梅雨の湿った空気を吹き飛ばすように300人を収容する会場は熱気で溢れていた。

 2014年6月9日の午後。「セルロースナノファイバーは無限の可能性を持っている。日本の豊かな森林資源を活用するためにも、国家的プロジェクトとして取り組みたい」。ナノセルロースフォーラムの設立総会が、来賓として出席した松島みどり・経済産業副大臣の力強い祝辞から始まった。

植物の繊維から鋼鉄より軽くて強い素材が生まれる

図1 木材細胞壁中のセルロースナノファイバー(京都大学・粟野博士提供)

 セルロースナノファイバーは、鋼鉄の5分の1の軽さで、その7〜8倍の強度を有する幅4〜20nm(ナノメートル)のナノ繊維である(図1)。

 線熱膨張はガラスの50分の1。石英ガラスに匹敵する。こう書くと極めて特殊な繊維のように思われるが、この地球上に1兆8000億トンあると言われている木質バイオマス資源の約半分を占める、とても身近な素材である。

 木材や竹といった植物の細胞はセルロースナノファイバーが鉄筋となりリグニンがコンクリートの役割を果たしている。そのコンクリートを取り除いて、細胞一つひとつに解したものが、コピー紙の原料となるパルプである。

 我が国では、年間2000万トン近い紙用パルプが流通しているが、それらはすべてセルロースナノファイバーの集合体である。

 電子顕微鏡の開発によってナノの世界を見ることができるようになると、植物細胞壁が均一な結晶性のナノ繊維でできていることが知られるようになった。

 京都大学の桜田グループによるX線解析からは結晶弾性率は鋼鉄の3分の2の140GPa(ギガパスカル)と見積もられた。カナダ・紙パルプ研究所のペイジ(Page)氏は、パルプを1本引っ張って1.7GPaの強度(自動車用鋼板の5倍)があることを30年も前に報告している。
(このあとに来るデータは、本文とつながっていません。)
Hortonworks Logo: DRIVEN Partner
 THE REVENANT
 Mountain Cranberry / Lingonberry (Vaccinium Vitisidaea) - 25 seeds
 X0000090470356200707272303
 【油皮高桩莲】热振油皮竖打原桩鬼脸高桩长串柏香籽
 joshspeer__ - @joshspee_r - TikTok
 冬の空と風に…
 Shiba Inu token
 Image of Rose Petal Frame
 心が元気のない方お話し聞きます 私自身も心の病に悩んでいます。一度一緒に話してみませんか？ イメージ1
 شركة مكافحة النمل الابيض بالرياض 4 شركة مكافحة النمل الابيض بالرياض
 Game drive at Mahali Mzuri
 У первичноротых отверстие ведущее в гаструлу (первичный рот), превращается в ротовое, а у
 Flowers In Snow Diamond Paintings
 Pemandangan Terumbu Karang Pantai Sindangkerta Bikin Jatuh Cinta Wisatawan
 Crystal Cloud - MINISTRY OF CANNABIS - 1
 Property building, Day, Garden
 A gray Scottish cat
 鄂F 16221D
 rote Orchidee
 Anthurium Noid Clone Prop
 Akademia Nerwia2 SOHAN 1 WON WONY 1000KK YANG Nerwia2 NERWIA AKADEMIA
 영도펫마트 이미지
 同じ時期に、楽器用木材の研究では、細胞壁中におけるセルロースナノファイバーの配列(配向)が、用材としての好適を決めていることが報告されている。

 しかしながら、それを木質バイオマスから抽出し、ナノ繊維として利用するという研究が盛んになったのはナノテクノロジーが言われ出した2000年代に入ってからである。ナノ素材としての研究の歴史は、まだ10年ほどと言ってよい。